SpargeAttn (50% Sparse)
1.67x Speedup.
SparseVideoGen (30% Sparse)
1.42x Speedup.
(* without timestep skipping in original implementation)
Teaser Image 0
FP16 Baseline
1x Speedup.
Teaser Image 1
PAROAttn (50% Sparse + INT4)
7.61x Speedup.
Teaser Image 2
DiTFastAttn (50% Sparse)
1.38x Speedup.
Teaser Image 3
SpargeAttn (50% Sparse)
1.61x Speedup.

Hardware Speedup

We implement efficient CUDA Implementation of PAROAttention, including kernel fusion, prefetching to minimize the overhead. We conduct comparison with current attention sparsification and quantization methods, and demonstrate PAROAttn's superior performance in both hardware efficiency and generation quality.



Preliminary Analysis

Key Challenge for Attention Sparsification and Quantization

To find a unified solution for Attention sparsity and quantization, we analyze the key challenges in optimizing Attention efficiency through sparsity and low-bit quantization. We conclude the key challenges arise from the diverse and scattered visual attention patterns (as shown on the left side of the figure below).

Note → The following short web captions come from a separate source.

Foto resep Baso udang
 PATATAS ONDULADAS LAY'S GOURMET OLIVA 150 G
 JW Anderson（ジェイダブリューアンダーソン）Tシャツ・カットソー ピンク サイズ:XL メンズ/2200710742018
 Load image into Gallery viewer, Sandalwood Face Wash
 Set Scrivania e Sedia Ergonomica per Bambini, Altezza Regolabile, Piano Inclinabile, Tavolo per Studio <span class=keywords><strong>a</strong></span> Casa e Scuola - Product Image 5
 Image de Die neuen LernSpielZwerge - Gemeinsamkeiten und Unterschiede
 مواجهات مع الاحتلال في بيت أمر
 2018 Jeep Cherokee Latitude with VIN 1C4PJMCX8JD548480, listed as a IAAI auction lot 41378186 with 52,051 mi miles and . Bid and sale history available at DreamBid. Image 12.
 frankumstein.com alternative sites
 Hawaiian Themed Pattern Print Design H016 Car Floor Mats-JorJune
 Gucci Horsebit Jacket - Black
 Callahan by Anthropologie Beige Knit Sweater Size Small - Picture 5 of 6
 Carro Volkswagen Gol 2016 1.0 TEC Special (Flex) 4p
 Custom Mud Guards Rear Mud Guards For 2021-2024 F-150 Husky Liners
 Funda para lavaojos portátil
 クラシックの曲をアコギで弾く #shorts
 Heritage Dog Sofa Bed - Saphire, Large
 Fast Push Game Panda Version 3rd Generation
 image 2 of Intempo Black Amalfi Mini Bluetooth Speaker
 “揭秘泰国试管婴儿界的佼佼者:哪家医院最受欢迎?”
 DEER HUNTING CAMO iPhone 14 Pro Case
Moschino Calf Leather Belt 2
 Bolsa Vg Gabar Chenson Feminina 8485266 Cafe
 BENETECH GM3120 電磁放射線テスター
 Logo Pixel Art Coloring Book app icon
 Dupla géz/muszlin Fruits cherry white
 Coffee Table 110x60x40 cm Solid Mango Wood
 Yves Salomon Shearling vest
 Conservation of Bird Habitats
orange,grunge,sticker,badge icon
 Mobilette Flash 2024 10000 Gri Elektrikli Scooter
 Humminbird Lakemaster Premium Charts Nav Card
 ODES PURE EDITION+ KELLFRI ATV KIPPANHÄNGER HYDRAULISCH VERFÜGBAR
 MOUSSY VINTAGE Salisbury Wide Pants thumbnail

  • Sparse Attention: requires consideration of both maintaining algorithmic performance and improving hardware efficiency.
    • For algorithmic performance: it is essential to avoid incorrectly removing large values during the sparsification. Due to the diverse structures in visual attention patterns (such as diagonal, vertical, block-wise, etc.), which dynamically change across different time steps and control signals, the diversity and dynamic nature of attention patterns make it difficult to design a mask that can fully capture important values.
    • For hardware efficiency, it is necessary to design "structured" sparse masks that allow for the skipping of entire blocks of computation to achieve actual hardware benefits. Arbitrary irregular sparsity requires additional indexing operations and may lead to fragmented computational loads. Specifically, because FlashAttention involves block-wise attention computation, sparsification should also consider how to adapt to this method. Since the attention patterns in visual attention maps often do not correspond to the blocks in FlashAttention (e.g., in diagonal patterns, only a small number of large values exist in each block), the scattered nature of the attention map patterns makes structured sparsity difficult to achieve, limiting the potential for effective hardware efficiency improvement.
  • Low-Bit Quantization Algorithms: The key issue lies in minimizing quantization loss.
    • Existing work (e.g., ViDiT-Q) has already analyzed and identified the primary source of error in low-bit quantization as the "data variation within quantization groups" For attention quantization, it is necessary to select block-wise quantization groups to adapt to FlashAttention. However, the "diagonal" visual attention patterns result in outliers on the diagonal elements within the block-wise quantization groups, causing significant intra-group data differences.
Experimental Results Image.

How to understand diverse patterns? from the perspective of "Locality"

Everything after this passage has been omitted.